In case you haven’t noticed, bourbon is everywhere — from bars, restaurants, and tasting rooms, to dinner parties, home bars, and liquor store shelves, so long as they can keep it in stock. Some call it a “bourbon boom” or the “bourbon surge.” However, terms like surge might suggest the increase in bourbon sales will eventually come back down. Although that is indeed possible, it’s tough to predict, and as of now bourbon still remains wildly popular and in demand.
It may have been the cocktail revival and shows like “Mad Men” that brought bourbon and classic drinks like the old fashioned back to life, or the entrance of new small-batch and single-barrel bourbons from distilleries that piqued everyone’s interest in bourbon whiskey, its history, and how it’s made.
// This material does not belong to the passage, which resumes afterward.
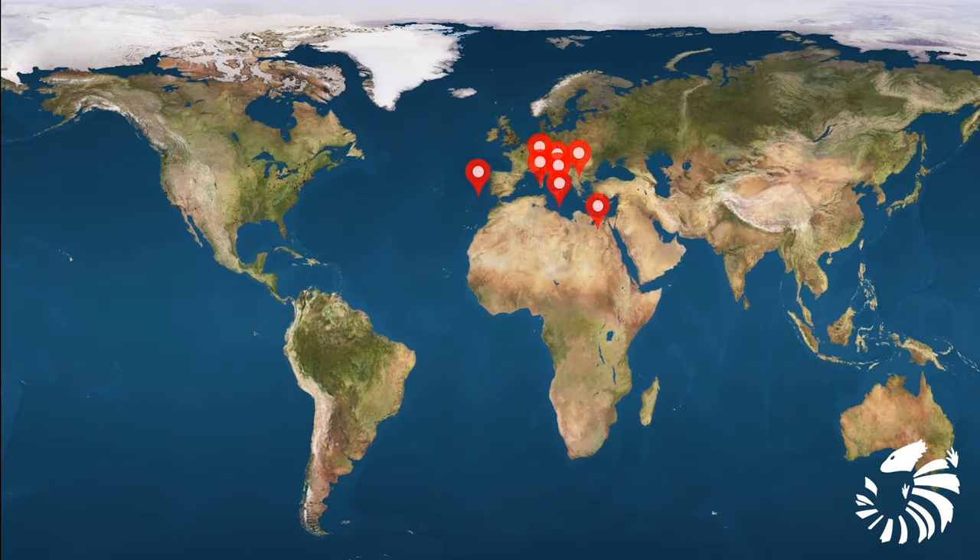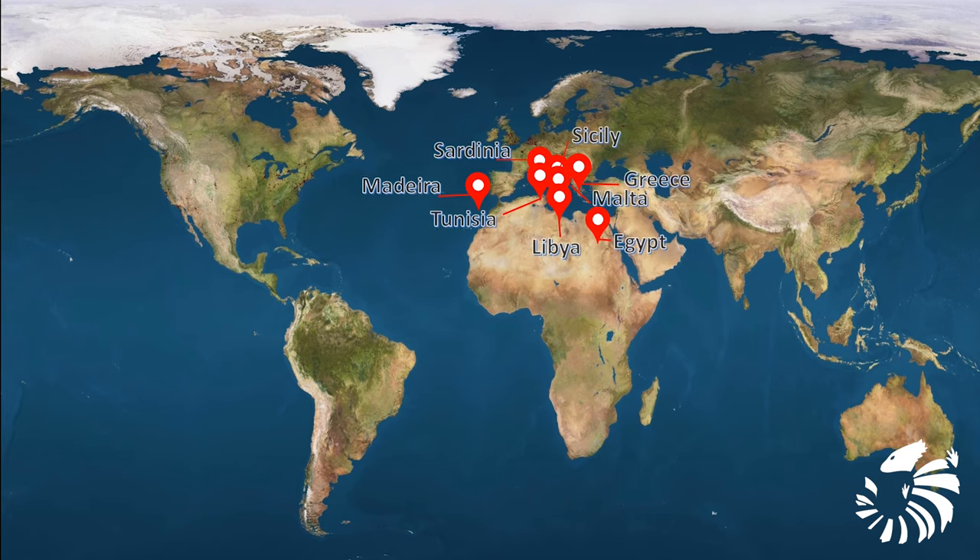These species are commonly found in Sardinia, Sicily, Greece, Malta, Madeira, and in Northern Africa.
However the boom occurred, one of the greatest benefits of our rekindled love for bourbon is how it’s helped to revive old labels that were once forgotten. Bourbon has been in America since the land was settled in the 1700s. It’s a deep-rooted history, and seeing old historic labels come to life again is nostalgic and exciting for collectors and newbies alike.
11. Kentucky Senator
After originating with Crigler & Crigler of Covington, Kentucky, Senator Bourbon was eventually bought by Double Springs Distilleries of Bardstown, Kentucky. The label faded away and today it’s been revived by Kentucky Senator Spirits, LLC. The bourbon makes itself unique by naming releases after Kentucky senators. The first release after its comeback was a 15-year, small-batch bourbon, whose namesake is Senator Alben W. Barkley of McCracken County. As Kentucky Senator Spirits say, its bourbon is a blend of history and commitment.
The brand has too many awards to mention, but they include the prestigious American Spirits Council of Tasters gold award in recognition of its first small-batch bourbon, including the taste and overall craft, and then another ASCOT gold award for marketing. Kentucky Senator Bourbon also made Fred Minnick’s top 100 list in 2022 for best American whiskeys, where bottles are judged by taste, aroma, and finish using a scale of 100 to score.